The Brazilian stock exchange B3 boosted its blockchain integration strategy by announcing a stablecoin and a tokenisation platform.

In El Salvador, Bitso and Tether have joined together to encourage startups and stablecoin-based solutions.

Meanwhile, Bitso Business, Bitso’s B2B branch, reported record results for 2025, forecasting an annualised total payment volume of USD 82 billion—equivalent to the GDP of more than 100 countries—highlighting the rapid popularity of stablecoin-based payments in Latin America.

Brazil’s B3 moves toward a blockchain-integrated market

B3, Brazil’s stock exchange, has revealed plans to launch its own stablecoin in the first half of 2026, as part of a larger effort to grow into cryptoassets and tokenisation.

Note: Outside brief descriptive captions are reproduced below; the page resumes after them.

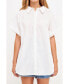 ფოტო #1 პროდუქტის Women's Mixed Media Top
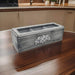 Caja De Te Porta Te Caja De Madera Para Te Gris 3 Divisiones - Fliperex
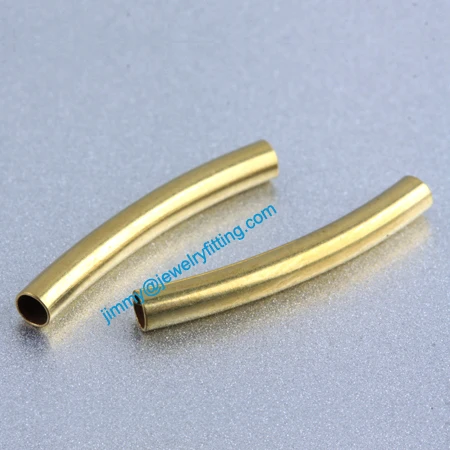 

Jewelry findings Raw Brass matel spacer tube beads Pave tube beads tube 2.5*20mm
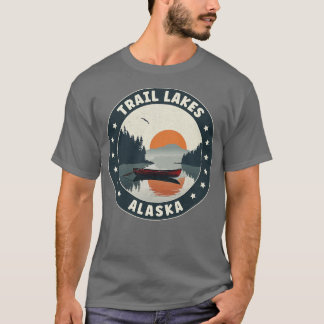 Trail Lakes Alaska Sunset TShirt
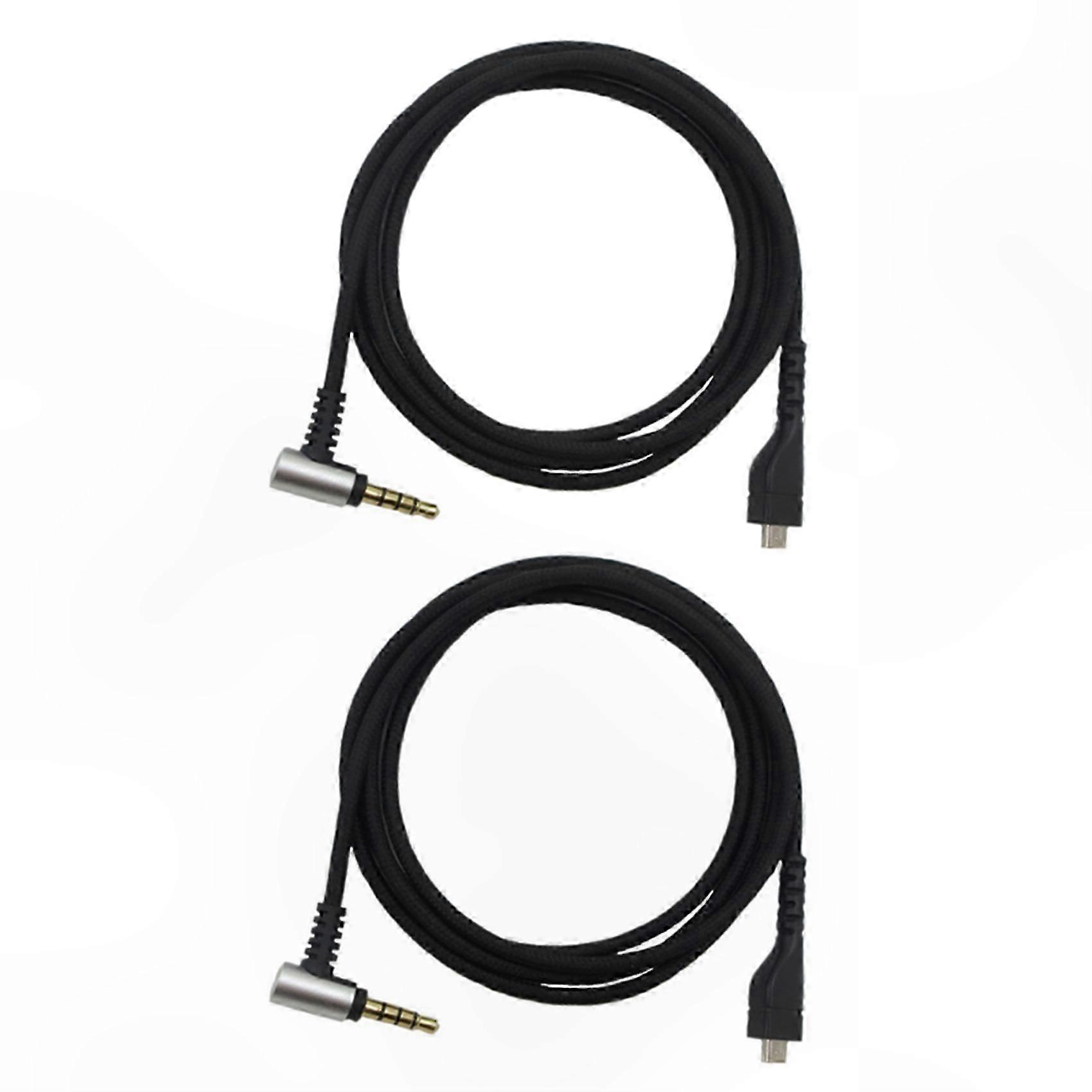 Dual 3.5mm Audio Cables for Gaming Headsets, Compatible with Multi-Platform Headset Models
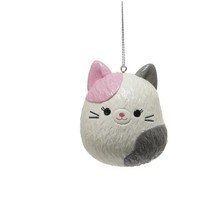 Corina the Cat Fuzz A Mallow 3&quot; christmas tree ornament Squishmallow Kur... - $14.85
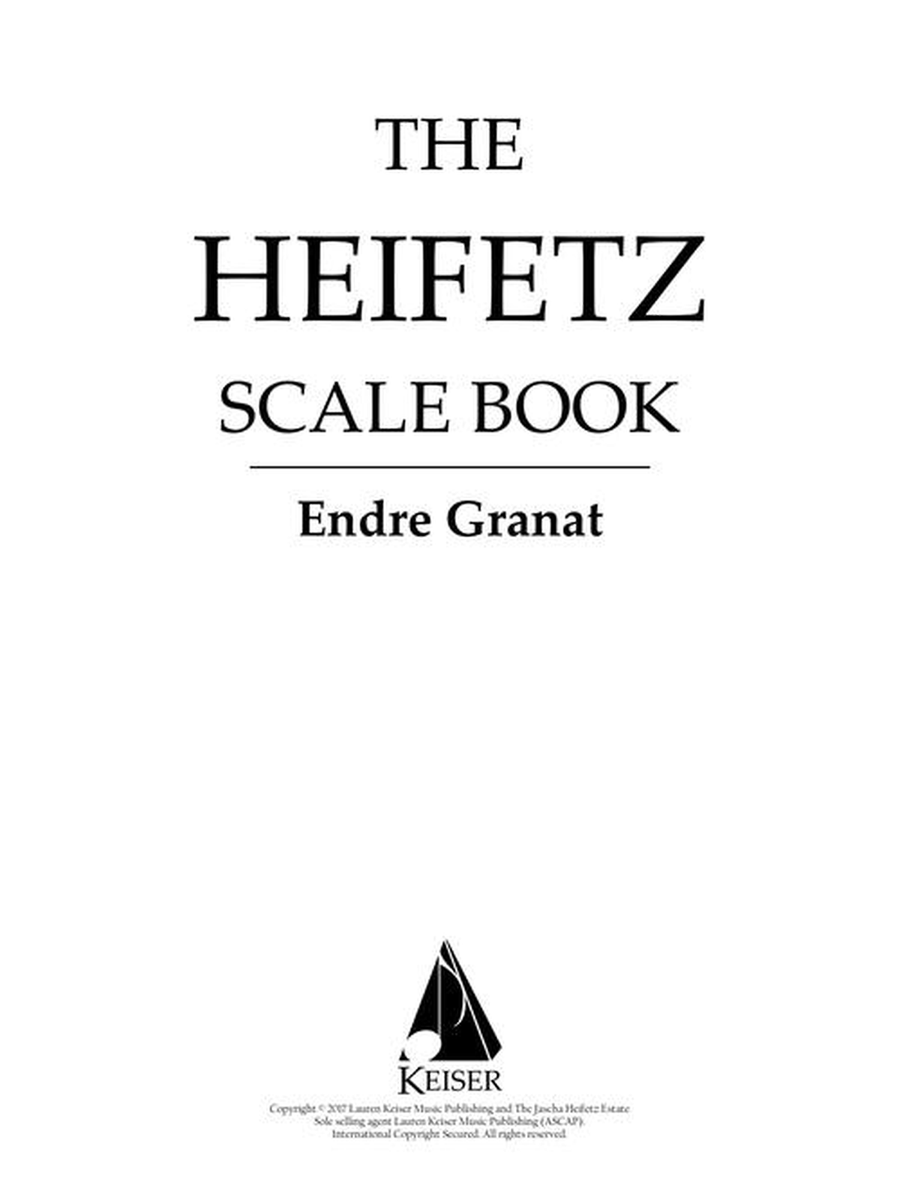 The Heifetz Scale Book for Violin Violin Solo scores gallery preview page 2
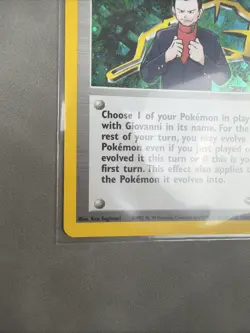 Giovanni Trainer 18/132 Gym Challenge Holo Pokemon TCG - Image 5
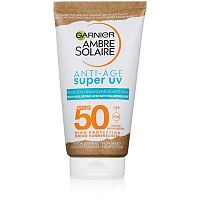 Garnier Ambre Solaire Super UV ochranný krém na tvár s protivráskovým účinkom SPF50 50 ml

The effort seeks to combine traditional capital market infrastructure with blockchain-based solutions, with an emphasis on operational efficiency, digital settlement, and increased access to innovative financial products.

B3 sees this project as a critical step toward creating a regulated digital ecosystem that connects traditional and tokenised assets, benefiting both institutional investors and retail users.

The stablecoin will be tied to the Brazilian real and utilised as a settlement instrument in B3’s emerging digital infrastructure, facilitating tokenised asset transactions while decreasing friction and speeding up clearing and settlement processes.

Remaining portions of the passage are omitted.